それぞれの道具「道具と出合う、本の中へ」 4 ”レコード”
2015.01.28
中澤季絵(なかざわ・きえ)イラストレーター/絵描き 絵で暮らしをいろどる楽しさを軸に幅広く活動中。理科系出身、生き物がとてもすきです。脇役蒐集人。このページでは、本の中の道具を描き連載中。 www.kienoe.com
レコード
「それから座敷の隅に風呂敷をかぶせてあった中砂の遺愛の蓄音器をあけて、その盤を掛けた。
古風な弾き方でチゴイネルバイゼンが進んで行った。」
「サラサーテの盤」 『サラサーテの盤』内田百閒作 福武文庫より
たぶんこの耳が聞くことができるのは、自分と共鳴する音だけなんじゃないかな。
自分のどこかに潜む記憶や感情に鳴り響く音だけが、身体の奥深くに落ちて、鍵をひらく。
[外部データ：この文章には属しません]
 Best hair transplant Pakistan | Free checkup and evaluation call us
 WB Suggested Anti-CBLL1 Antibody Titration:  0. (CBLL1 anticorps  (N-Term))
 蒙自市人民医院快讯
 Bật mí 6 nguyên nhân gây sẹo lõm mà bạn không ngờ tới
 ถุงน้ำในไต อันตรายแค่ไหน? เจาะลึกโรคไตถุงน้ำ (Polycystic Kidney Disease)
レコードをかけたとき、そのひとは演奏に紛れ込んだ微かな声を聞いて最後には泣き出してしまった。
そんなところを見たらドキッとするに決まっているけれど、思いがけず鳥肌が立ったのはなぜだろう。
いつも「今」は一瞬で過ぎ去って捉えどころがないから、そのときの記憶や感情と
何度も新しく出合いなおすのかもしれない。たとえば一枚のレコードに刻まれた声で。
ここにあるのは、鋭く凍りついた名前のつけられない気持ちを
わずかに溶かしはじめた瞬間だったんだ、きっと。